# Happy birthday, Soren



## Marcel (Aug 22, 2008)

Happy birthday, Soren  How old are you now?


----------



## seesul (Aug 22, 2008)

Happy B´day mate!


----------



## Lucky13 (Aug 22, 2008)

HAPPY BIRTHDAY YOU GRUMPY OLD GIT...!!!     I hope that you'll have a great day among beautiful girls and many a good beer!


----------



## Henk (Aug 22, 2008)

Happy Birthday mate and may you be here for many more to come.


----------



## Gnomey (Aug 22, 2008)

Happy Birthday!


----------



## lesofprimus (Aug 22, 2008)

Happy B-Day Soren.... Heres to many more....


----------



## Njaco (Aug 22, 2008)

Happy Birthday!!!


----------



## Wayne Little (Aug 22, 2008)

Happy Birthday Soren!


----------



## ccheese (Aug 22, 2008)

Happy Birthday, my friend. You tryin' to catch up to me ?

Have a good one...

Charles


----------



## Thorlifter (Aug 22, 2008)

:bday:     

A few of us wanted to wish you a Happy Birthday!


----------



## wilbur1 (Aug 22, 2008)

Happy bday Soren


----------



## rochie (Aug 22, 2008)

many happy returns soren


----------



## ToughOmbre (Aug 22, 2008)

Happy Birthday!

TO


----------



## Heinz (Aug 22, 2008)

Happy Birthday man


----------



## Bucksnort101 (Aug 22, 2008)

I too wish you a Happy Birthday and a easy recovery tomorrow morning


----------



## DerAdlerIstGelandet (Aug 22, 2008)

Happy Birthday Soren!


----------



## FLYBOYJ (Aug 22, 2008)

Happy birthday dude - clear skies and tailwinds!


----------



## pbfoot (Aug 22, 2008)

Happy birtday even if my charts and graphs say its tommorow


----------



## evangilder (Aug 22, 2008)

Happy Birthday, Soren!


----------



## Freebird (Aug 23, 2008)

Bucksnort101 said:


> I too wish you a Happy Birthday and a easy recovery tomorrow morning




Happy Birthday Soren! 

Now we want to see the pictures!


----------



## RabidAlien (Aug 23, 2008)

Happy Birthday!


----------



## Screaming Eagle (Aug 24, 2008)

happy birthday!


----------



## Soren (Aug 24, 2008)

Many many thanks guys! 

Sorry I haven't responded earlier, but I've been out of town celebrating and I first returned today


----------



## Lucky13 (Aug 24, 2008)

In other words been in the slammer! So, are you the proud owner of an ASBO then?


----------



## v2 (Aug 24, 2008)

Happy Birthday!


----------



## Soren (Aug 24, 2008)

Lucky13 said:


> In other words been in the slammer! So, are you the proud owner of an ASBO then?



Not quite 

Had a blast with my family visiting bars and resturants in the city after a little celebrating at home. It was a good day


----------



## lesofprimus (Aug 24, 2008)

Glad u brought it through the right way Soren... Congrats again...


----------



## Soren (Aug 24, 2008)

Many thanks.

Not too long to the 50 now


----------



## Soren (Aug 24, 2008)

Btw guys, you're the best! I love this forum and I've had a blast being here since the beginning and I look forward to many more years in your company! 

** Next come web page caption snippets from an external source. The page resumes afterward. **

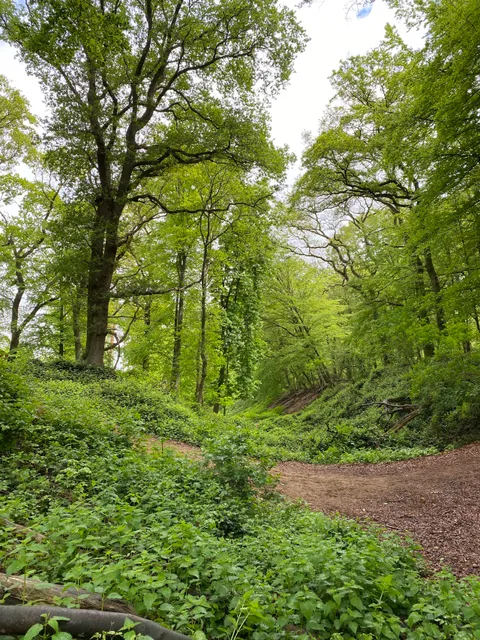 Reuschenberger Busch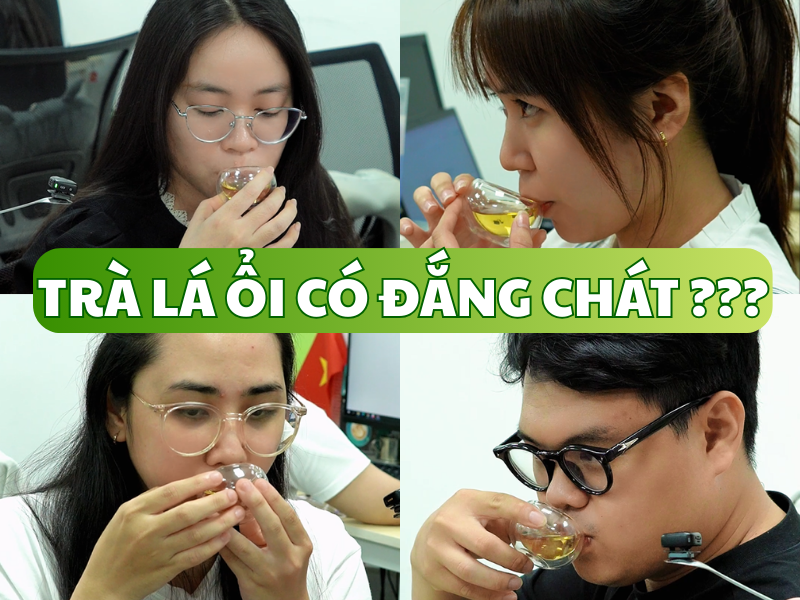 Trà Lá Ổi Goce - Trà Lá Ổi Có Đắng Chát Không ? 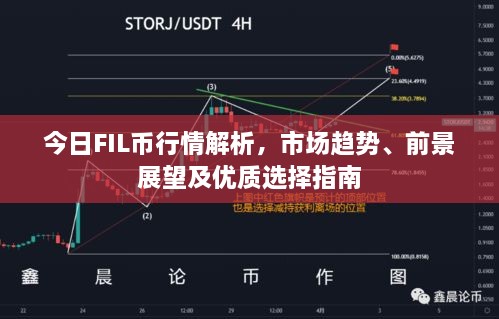 今日FIL币行情解析，市场趋势、前景展望及优质选择指南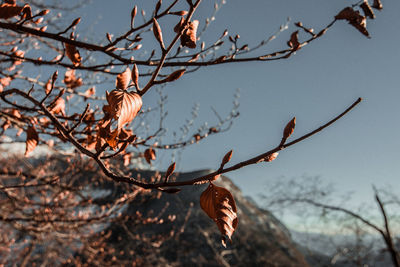 Low angle view of flowering plant against sky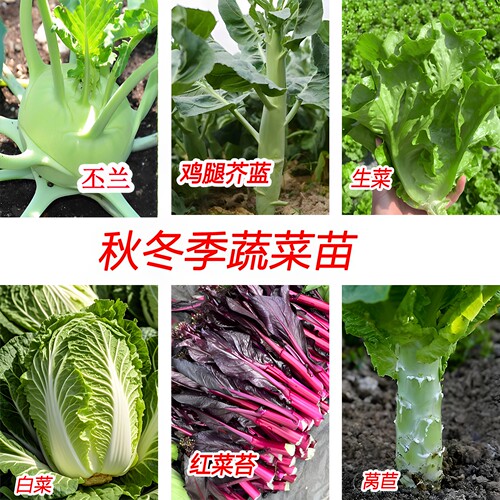 秋冬季节蔬菜苗种苗白菜丕兰生菜
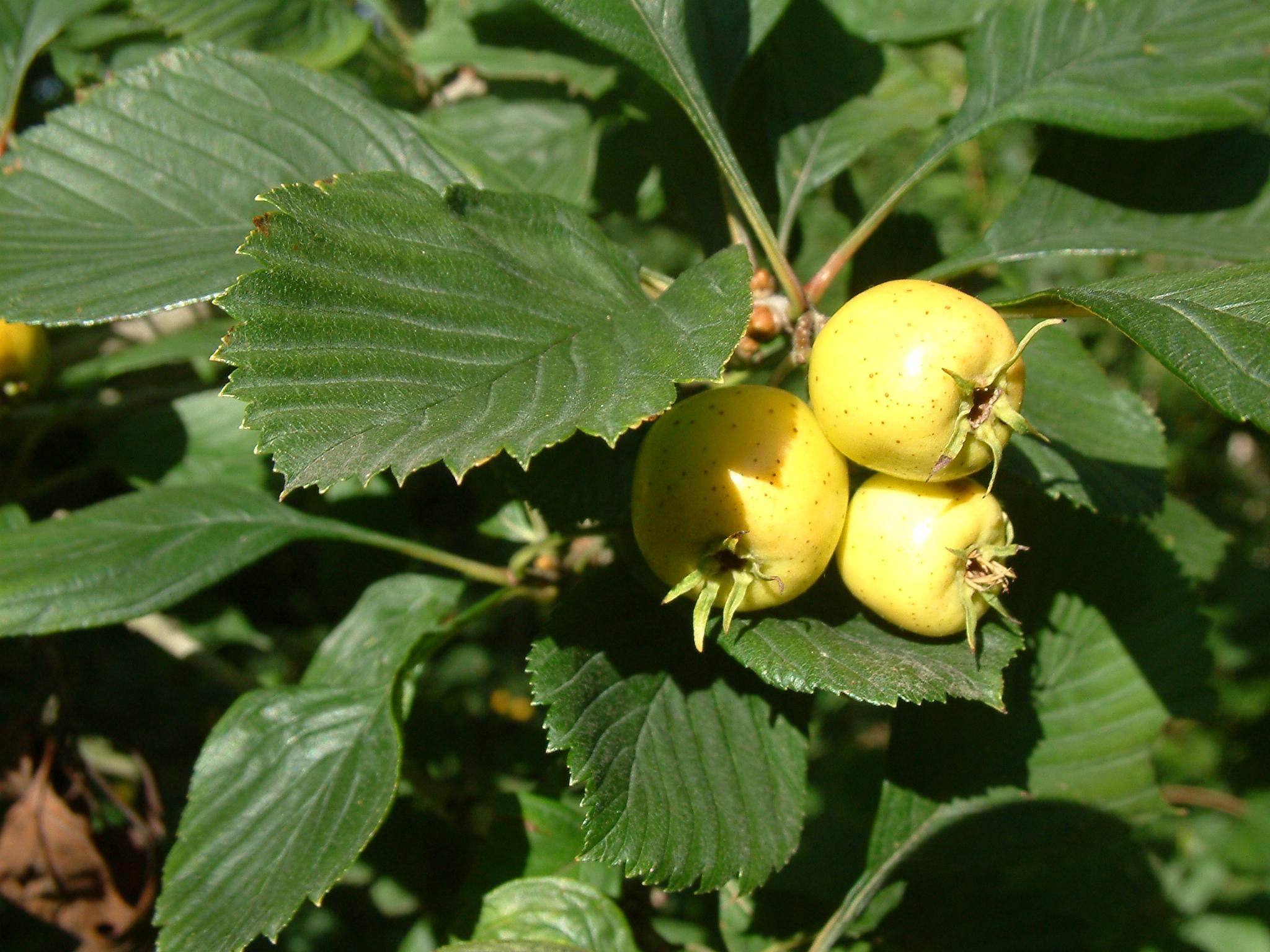 yellow fruits with green leaves and green-brown stems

Just thought I needed to let you guys know that


----------



## DerAdlerIstGelandet (Aug 24, 2008)

Soren said:


> Btw guys, you're the best! I love this forum and I've had a blast being here since the beginning and I look forward to many more years in your company!
> 
> Just thought I needed to let you guys know that


----------



## Wurger (Aug 25, 2008)

Due to my being at work and software failure my late but the most warm-hearted wishes.*A Happy Birthday....... *


----------



## Soren (Aug 25, 2008)

Many thanks!


----------